Claims 2-4 are cancelled.  Thus, claims 1 and 5-15 are pending in this Application.

Notice of Pre-AIA  or AIA  Status
The present application, filed on or after March 16, 2013, is being examined under the first inventor to file provisions of the AIA .

Priority
Receipt is acknowledged of certified copies of papers required by 37 CFR 1.55.

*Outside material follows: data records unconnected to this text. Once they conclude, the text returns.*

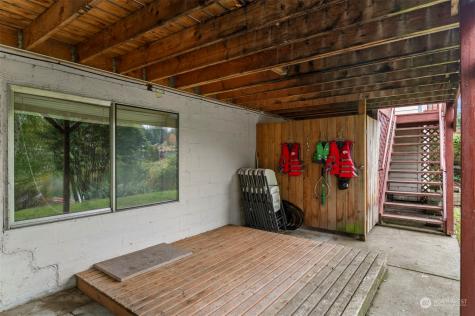 19297 Stone Avenue N Shoreline WA 98133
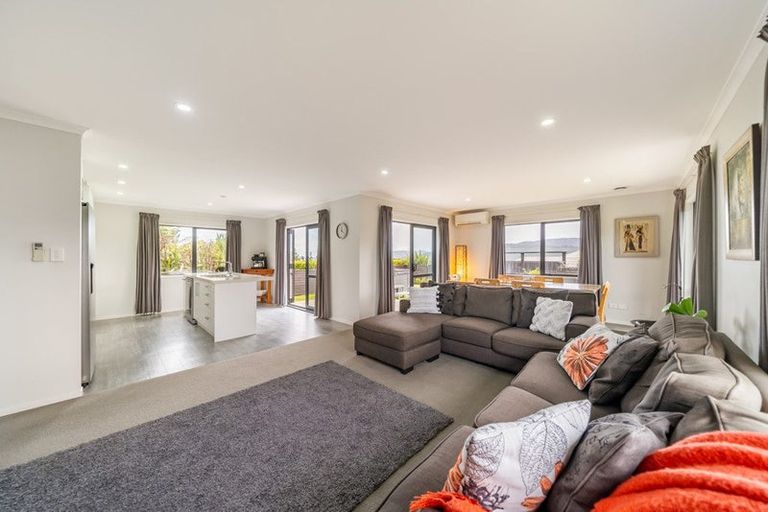 Photo of property in 5 Mckenzie Way, Timberlea, Upper Hutt, 5018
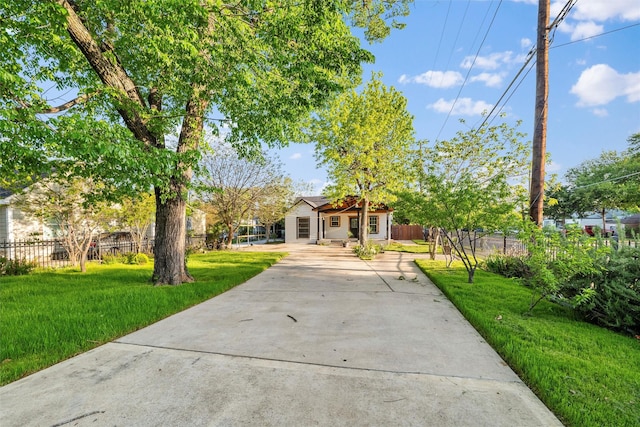 1101 Melbourne Ave, Dallas, TX 75224 - view of front of home featuring driveway, fence, and a front lawn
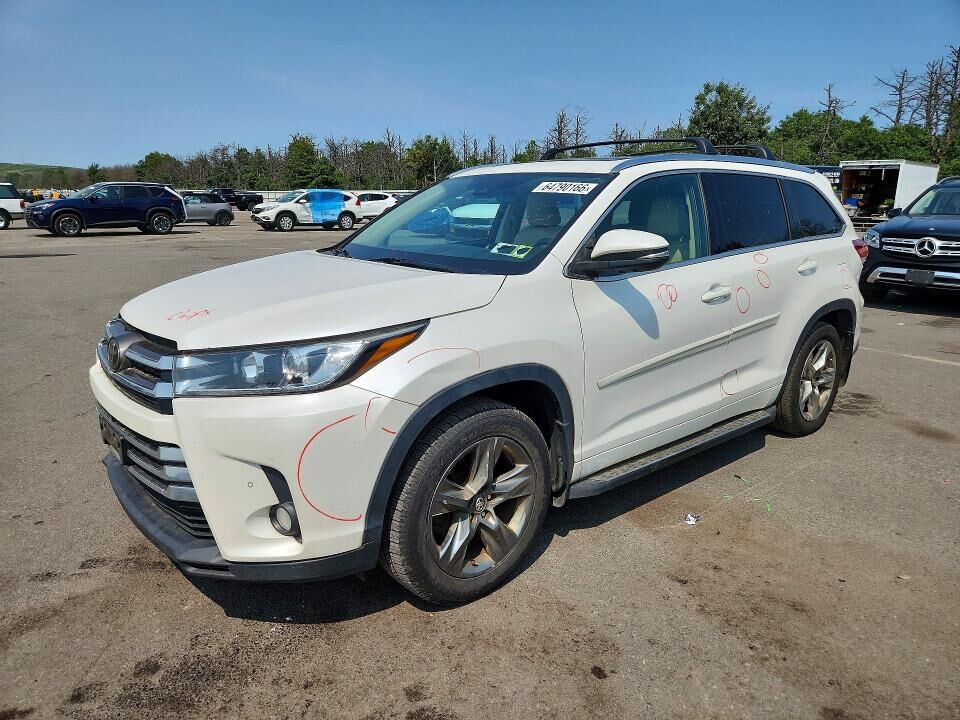 2018 TOYOTA Highlander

Claim Rejections - 35 USC § 102
In the event the determination of the status of the application as subject to AIA  35 U.S.C. 102 and 103 (or as subject to pre-AIA  35 U.S.C. 102 and 103) is incorrect, any correction of the statutory basis for the rejection will not be considered a new ground of rejection if the prior art relied upon, and the rationale supporting the rejection, would be the same under either status.  
The following is a quotation of the appropriate paragraphs of 35 U.S.C. 102 that form the basis for the rejections under this section made in this Office action:
A person shall be entitled to a patent unless –

(a)(1) the claimed invention was patented, described in a printed publication, or in public use, on sale, or otherwise available to the public before the effective filing date of the claimed invention.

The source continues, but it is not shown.